Fighting back against the notion, put forth by American academics, that isolated tribes must be forced into contact with the modern world, Amazonian Indians are warning of another potential Indigenous “genocide” if such ideas come to pass.
U.S. anthropologists Kim Hill, a professor at Arizona State University, and University of Missouri associate professor Robert Walker, have argued that in order to ensure the survival of the most remote tribal people they must be “contacted in a controlled way.”
However, the people of the Amazon disagree.
Survival International, an international nonprofit that champions the rights of tribal people, said in a press statement Tuesday that at least one local tribe, the Guajajara, “have acted to protect nearby uncontacted Awá people in the absence of greater government support.”

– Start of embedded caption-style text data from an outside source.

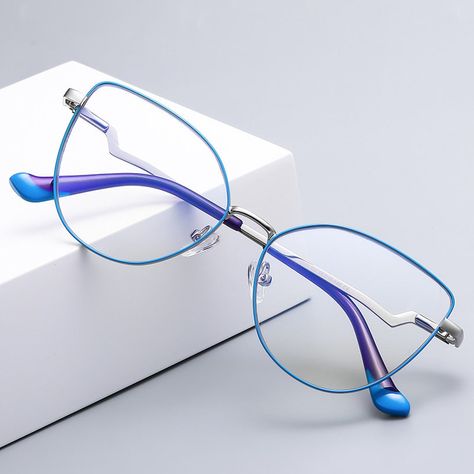 Classy Glasses, Metal Frame Glasses, Metal Cat, Cat Eye Glasses Frames, Metal Glasses, Eye Glasses Frames, Blue Glasses, Stylish Glasses, Glasses Frame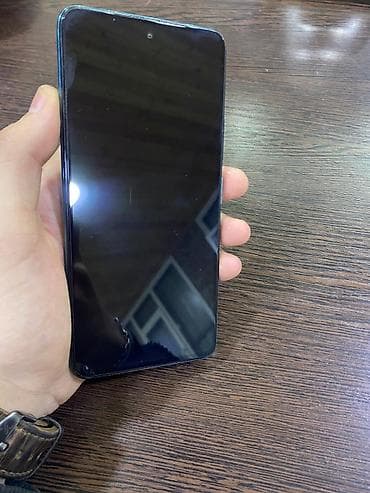 Smartfon – mavi gövdə, ön hissədə mərkəzdə punktual ön kamera dəliyi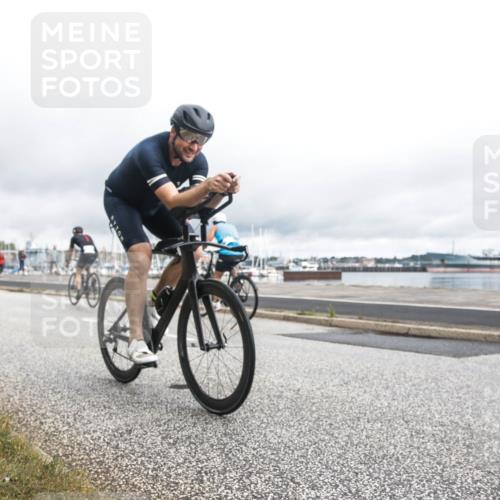 16.08.2026 - KN Förde Triathlon 2026 H.Heesch http://msf.ph/oto/9979448 16.08.2026 11:07:25 Radfahren 302, 322, 328 meine-sportfotos.de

Olimpio Guajajara, the leader of the “Guajajara Guardians,” as they call themselves, said in a video uploaded by the organization: “We are here…monitoring the land and defending the uncontacted Indians and the Guajajara who live here. Why? Because there are some people, some anthropologists in other countries who want, once again, to violate the rights of the uncontacted Indians in the country.”
“We are aware that some anthropologists have been calling for ‘controlled contact’ with the uncontacted Indians,” Olimpio continued. “We will not allow this to happen because it will be another genocide of a people…of an Indigenous group which doesn’t want contact.”
According to Survival International’s campaign director Fiona Watson, Indigenous peoples are increasingly “speaking out in defense of uncontacted tribes, which has never been the case before.”